**TASK STATEMENT**
Print the line that contains "IKITCHEN odor-free design" and every line that follows it in the data below, ending with the final line; include nothing else.

==== DATASET EXCERPTS

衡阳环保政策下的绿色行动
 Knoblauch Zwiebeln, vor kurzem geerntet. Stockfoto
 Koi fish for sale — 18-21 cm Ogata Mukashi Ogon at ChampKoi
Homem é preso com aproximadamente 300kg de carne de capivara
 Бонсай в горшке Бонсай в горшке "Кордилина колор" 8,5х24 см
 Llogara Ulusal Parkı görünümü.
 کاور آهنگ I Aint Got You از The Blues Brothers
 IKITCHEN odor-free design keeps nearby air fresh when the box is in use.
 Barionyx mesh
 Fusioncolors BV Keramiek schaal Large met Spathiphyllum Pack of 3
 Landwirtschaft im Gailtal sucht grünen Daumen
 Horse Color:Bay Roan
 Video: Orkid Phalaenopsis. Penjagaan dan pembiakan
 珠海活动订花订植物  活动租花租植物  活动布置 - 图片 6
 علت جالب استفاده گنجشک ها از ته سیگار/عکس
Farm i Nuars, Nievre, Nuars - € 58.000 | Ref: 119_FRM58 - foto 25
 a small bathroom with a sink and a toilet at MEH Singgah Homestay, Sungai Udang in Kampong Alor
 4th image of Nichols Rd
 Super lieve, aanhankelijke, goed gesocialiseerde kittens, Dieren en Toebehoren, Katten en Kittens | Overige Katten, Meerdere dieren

========

**ANSWER TO THE EXERCISE**
 IKITCHEN odor-free design keeps nearby air fresh when the box is in use.
 Barionyx mesh
 Fusioncolors BV Keramiek schaal Large met Spathiphyllum Pack of 3
 Landwirtschaft im Gailtal sucht grünen Daumen
 Horse Color:Bay Roan
 Video: Orkid Phalaenopsis. Penjagaan dan pembiakan
 珠海活动订花订植物  活动租花租植物  活动布置 - 图片 6
 علت جالب استفاده گنجشک ها از ته سیگار/عکس
Farm i Nuars, Nievre, Nuars - € 58.000 | Ref: 119_FRM58 - foto 25
 a small bathroom with a sink and a toilet at MEH Singgah Homestay, Sungai Udang in Kampong Alor
 4th image of Nichols Rd
 Super lieve, aanhankelijke, goed gesocialiseerde kittens, Dieren en Toebehoren, Katten en Kittens | Overige Katten, Meerdere dieren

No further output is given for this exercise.